Because a measurement in dB always represents a ratio, one cannot talk about a 10 or 100 dB signal all by itself. In much telephone work, 1 milliwatt (.95 volts across a 900 ohm resistor) is used as a reference, and one can speak of measurements relative to a milliwatt in terms of dBm. Thus 10 dBm is a signal 10 dB louder than a milliwatt, and a signal at -8 dBm is 8 dB lower in level than a milliwatt. With this background, we can approach the concept of the Transmission Level Point or TLP.

The outgoing switch of a local analog switching system is generally considered to be at 0 TLP. The incoming side of an analog carrier circuit arrives at +7 TLP, and the outgoing side is at -16 TLP. What this means is a 1000 Hz tone applied at the 0 TLP at 0 dBm must arrive at the outgoing side of the carrier at -16 dBm. Further, at the distant end of the carrier trunk, the tone will be +7 dBm. The point is, a standard test tone can take on a variety of levels, depending on where it is measured. If all measurements are referred to 0 TLP, appropriate comparisons can be made.

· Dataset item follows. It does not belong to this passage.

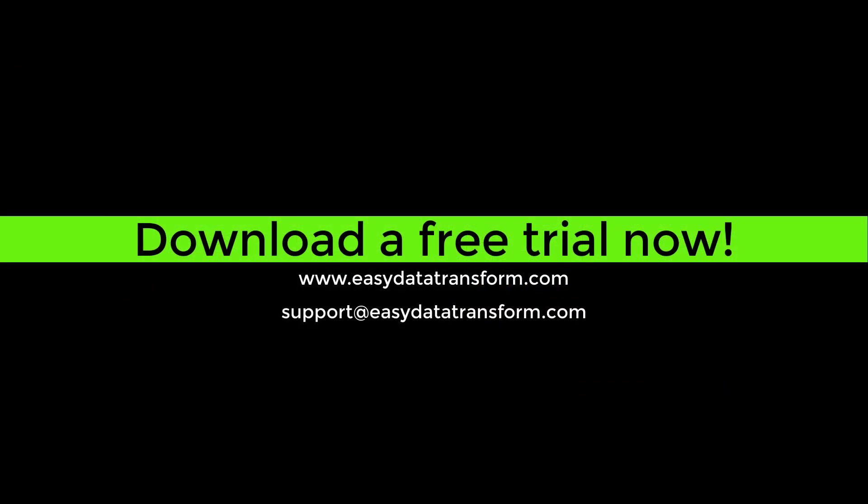Easy Data Transform is available for Windows and Mac. You can download a fully functional free trial from our website. It only takes a few seconds and you don't even have to give us your email address.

The 23 dB amplification or gain between the signal level entering a carrier channel and leaving it at the far end comes from the early days, before transistors, when carrier systems using vacuum tubes were a good and convenient source of gain to compensate for cross-office losses. A carrier system must have amplifiers anyhow, so it was decided to use those amplifiers effectively. Frequently the carrier system would end in a toll building, but the trunk would terminate on a switch in a local telephone building some blocks or even miles away. Thus the gain was needed. Further, going from a four-wire circuit to a two-wire circuit required a hybrid (see Chapter 1). The 3 dB loss for each direction of transmission through the hybrid also had to be made up.

The outgoing switch of a toll office is considered to be at the -2 TLP. This comes from Via Net Loss theory which says that any toll connection from local office to local office should contain VNL+4dB. VNL or Via Net Loss is the minimum loss in any given circuit required to minimize the subjective effects of echo; the 4 dB is split evenly between the two toll-connecting trunks from the local offices to the toll network. Actually, the toll-connecting trunks are supposed to contain 2 dB+VNL, but because they are usually very short, VNL is practically zero.

VNL is a function of distance and the type of facility used. For all carrier systems, the VNL factor is 0.0015 dB per mile. Thus the VNL for a 600 mile intertoll trunk (or an intertandem tie-trunk) would be 600 x 0.0015 or 0.9 dB. This loss is inserted at the output of the carrier system; a measurement at the -2 TLP in a toll office for a 600 mile trunk would be 0.9 dB below -2 dBm for a milliwatt tone (0 dBm) inserted at the 0 TLP in the distant office, or, as would be more likely, a -2 dBm tone inserted at the -2 TLP. Note that VNL is inserted at the "listen" end of each of the two sides of the 4-wire carrier trunk.

Trunk transmission is measured outgoing-switch to outgoing-switch. Thus, for each direction, one switching matrix is included: the one at the "listen" end for the given measurement. Attenuation is inserted at the output of the carrier system to make the total loss, including matrix, office wiring, etc., come out at the right value.

The outgoing-switch to outgoing-switch arrangement comes from many years ago when SXS switches, manual toll switchboards, and test desks all competed for the same trunks; that is, the input of the trunk circuit was multipled past any switch or jack that might require access to it. Tests were performed from the test desk by seizing the trunk at the same point the outgoing switch would seize it, dialing a code or whatever was required, and reaching another test desk at the distant end. This was, quite properly, outgoing switch to outgoing switch; note, in particular, that the trunk circuit at the originating end was included.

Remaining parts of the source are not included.